How to search fast in a non-sorted array? I am unable to think of any other search mechanism apart from linear search.
Any pointers will be helpful.
How to search fast in a non-sorted array? I am unable to think of any other search mechanism apart from linear search.
Any pointers will be helpful.
Yes, without sorting the data a linear search is about as good as you can do.
Given a truly random non-sorted array, linear search is the best way.
You might be able to do better with some kind of heuristic approach if the data could be assumed to be roughly sorted.
There really isn't any kind of optimization to be done without your array being sorted. All optimizations hinge on having some kind of knowledge about your array being guaranteed. Without that, you can't assume anything and have to go through each item linearly.
Once your code is presented with an unsorted list, yes you will need to do a linear search.
There are a couple of things you can do however if it is liable to be searched more than once.
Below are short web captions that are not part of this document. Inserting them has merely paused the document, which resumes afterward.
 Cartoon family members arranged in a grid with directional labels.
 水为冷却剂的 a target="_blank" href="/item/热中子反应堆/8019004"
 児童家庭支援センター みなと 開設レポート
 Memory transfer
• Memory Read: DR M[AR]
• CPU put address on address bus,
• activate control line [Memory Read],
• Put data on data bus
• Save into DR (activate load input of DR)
First off, of course, would be sorting the list. It would make the first lookup take quite a while, but subsequent ones would be faster.
Secondly, I'd suggest caching the result. For most usages I've found subsequent lookups have a high likelyhood to be either the same value, or one nearby.
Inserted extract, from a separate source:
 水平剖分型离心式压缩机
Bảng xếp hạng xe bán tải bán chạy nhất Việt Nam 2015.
You shouldn't bother with either of these though, unless the list is really large and slow to search. In general, the less code you can get away with writing, the better off everyone is.
If you are able, you might consider changing the way the data is stored/created in the first place. Rather than adding items to an array, create a full blown binary tree (or whatever) and work with that. It makes manipulating the data slightly slower but it shouldn't be as slow as re-sorting the data every time and would make your searches much faster.
As others have mentionned, a linear search is the way to go. However, depending upon your setup, the following may or may not be relevant to speeding things up.
If some items are searched for more often than others, a small cache might be useful. For example, if you are implementing a lookup() operation for a file system (where the data is ultimately stored on disk somewhere), a cache can help immensely.
Can you sort/sift the data at all so that the most commonly looked for items are near the start of the array?
Is it practical to store your data in two sets? One is sorted, one is unsorted? The sorted, you should be able to search quickly for your item. If not found, go to your unsorted list and search linearly through that. Why? Although you said it is not practical to insert after every insertion, is it practical/efficient to insert from the unsorted list into the sorted list periodically?
Must it all be in one unsorted array? Can you put your data into blocks of sorted data? That is, you might 1000 sorted entries per block. Searching each sorted block might be faster than searching the entire unsorted list.
Just some ideas. They might not be applicable to your situation, but hopefully they are helpful.
There are some clever approaches for optimizing linear search, but in the end none of them really pay of in terms of performance but make the code error-prone and hard to understand. So I'd recommend sticking to a simple linear search (i.e. simple iterating + comparing).